There were 12 of us taking the full time pastry class, all women. Most had recently left their corporate jobs or previous careers to pursue their passion for butter and sugar. None of us had stepped foot in a professional kitchen and we naively believed that the life of a Nancy Meyers leading lady was waiting for us on the other side of culinary school.
Our instructor was a serious woman in her fifties with short blonde hair pulled into a ponytail. She had served as the pastry chef of some of the best restaurants in the country, including the three Michelin star, Eleven Madison Park (before it was vegan). She was the real deal and despite being hardened by the industry, her love for restaurants ran deep. She smiled proudly when recounting the rave review she received from
for her “dream” of a butterscotch pot de creme back in 1999. We were instructed to refer to her only as “chef” as a show of respect which we all took incredibly seriously (mostly because we were highly intimidated by her).Every week was broken into different categories, bread, chocolate, cakes, confections, viennoiserie, plated desserts and so on, a collection of hundreds of recipes that Chef had acquired during her decades of working in restaurants, which we filed in giant black binders and wrote our own little notes in, annotating the best butter or chocolate or olive oil to use.
We learned to make pate a choux for cream puffs, eclairs and gougeres, how to make ganache and temper chocolate and feed our sourdough starters, how to laminate butter into croissant dough and we even learned to make the famous butterscotch pot de creme, which I was, at the time, shocked to learn is pronounced with a silent “t”.
We made bagels and bialys, nougatine studded with pistachios and rose petals, crepe cakes and pavlovas, pear, apple and custard pies, creme brulee, chive biscuits, macarons, muffins, pretzel knots, chocolate babka, pain au lait — every pastry I could’ve dream of and many more I’d never heard of.
It wasn’t a traditional french pastry course. It was a contemporary curriculum created to best serve those of us who would go on to work in one of the many farm to table “New American” fine dining restaurants or renowned bay area bakeries like Tartine.
Every morning, Chef would give us a stack of recipes with a few verbal notes and then send us off in pairs to mix and knead, chop and fold, shape and bake. We were encouraged to ask questions (just not the stupid ones).
Once, pulling a hot tart shell out of the oven, she instructed me to remove it from the pan quickly. You have no sense of urgency, she scolded. Panicked, I grabbed for the nearest instrument to pry the thing out. That’s a hamburger flipper, she scoffed, pointing out to the class that I had mistaken a regular spatula for an offset pastry spatula, a laughable mistake to a pro like her.
Even more humiliatingly, she called on one of my classmates one morning and asked her in her monotonous tone, what’s on your fingers?
All of us turned to look at the poor girl expecting to see remnants of caramel or nougatine sticking to her fingertips.

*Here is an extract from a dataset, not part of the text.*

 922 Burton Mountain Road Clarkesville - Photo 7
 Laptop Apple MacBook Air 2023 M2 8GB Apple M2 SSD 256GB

We knew immediately what the problem was when we saw the bright cherry red colored nail polish she was sporting.
You look like Kim Kardashian, she told the girl, whose face turned almost as red as her nails.
It was clear from Chef’s grimace that even on the female dominated side of the kitchen, femininity was not a badge of honor and there would be no tolerance for breaking kitchen rules. Any expression of femininity could be displayed only in the meticulous plating of desserts with buttercream flowers, gold leaf and chocolate twirls, but never in our appearance or attitude.
As scary as Chef could be, there was something in her that I was drawn to, a glistening in her eye, not despite what she’d endured in her time working in restaurants but because some part of her still loved and longed for the kitchens of her heyday. She could be cruel but only because she was a pastry badass. I wanted to be one too.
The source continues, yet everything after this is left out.